Your notebook will start with a YAML header. As a minimum, it’s a good idea to include a few key options. See the snippet below for an example from one of my projects:
Next, include some information on what you are hoping to achieve with your project and any goals that you may have (you can also fill in your goals later if you are doing some exploration first):
# Project Goals
This project aims to ...
This will be achieved through the following x goals:
1. First goal
2. Second goal
3. Third goal
Next you’ll want to include a setup chunk containing all the packages you load in for your analysis.
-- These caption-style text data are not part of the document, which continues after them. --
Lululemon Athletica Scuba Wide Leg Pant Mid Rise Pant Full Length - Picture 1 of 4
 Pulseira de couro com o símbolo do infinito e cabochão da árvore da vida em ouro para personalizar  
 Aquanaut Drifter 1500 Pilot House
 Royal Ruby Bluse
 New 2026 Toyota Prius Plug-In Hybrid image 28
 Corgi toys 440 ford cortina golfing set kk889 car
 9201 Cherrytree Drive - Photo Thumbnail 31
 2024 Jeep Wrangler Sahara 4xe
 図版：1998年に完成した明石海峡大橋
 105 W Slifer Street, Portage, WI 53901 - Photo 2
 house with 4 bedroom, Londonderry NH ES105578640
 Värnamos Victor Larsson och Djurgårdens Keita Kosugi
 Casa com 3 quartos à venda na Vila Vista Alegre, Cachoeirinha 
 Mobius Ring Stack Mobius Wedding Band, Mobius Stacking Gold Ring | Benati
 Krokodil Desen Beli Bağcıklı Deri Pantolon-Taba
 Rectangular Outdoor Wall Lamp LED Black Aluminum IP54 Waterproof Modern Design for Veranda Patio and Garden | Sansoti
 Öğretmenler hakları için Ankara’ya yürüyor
There are 2 other packages that are recommended for better reproducibility:
The here package – simplifies file path references so that you can avoid the headache of fixing references to files before you run an analysis. You can learn more about this package here
The renv package – this package keeps track of all packages used in your project, including the versions. You can find the documentation here
Keep your notebook organised with headers and sub-headers using the # H1, ## H2, and ### H3 header tags for easy navigation. This will show up nicely in the table of contents in the HTML output of your notebook.
As you progress through your analysis, record everything and don’t delete code chunks that didn’t work out – just write a quick note about what went wrong and continue on.
If you need to do any data cleaning or if you are modifying the data in any way then clearly state why you are doing it.
At the end of your analysis, write a few closing remarks on what your findings were and give some recommendations for how the project can be improved so that if someone were to pick it up in the future they would know where to start.
I strongly encourage you to keep a notebook the next time you start a new project.
Not only will you gain more clarity in your thinking but you will also make the process of creating documentation at the end of your project much easier!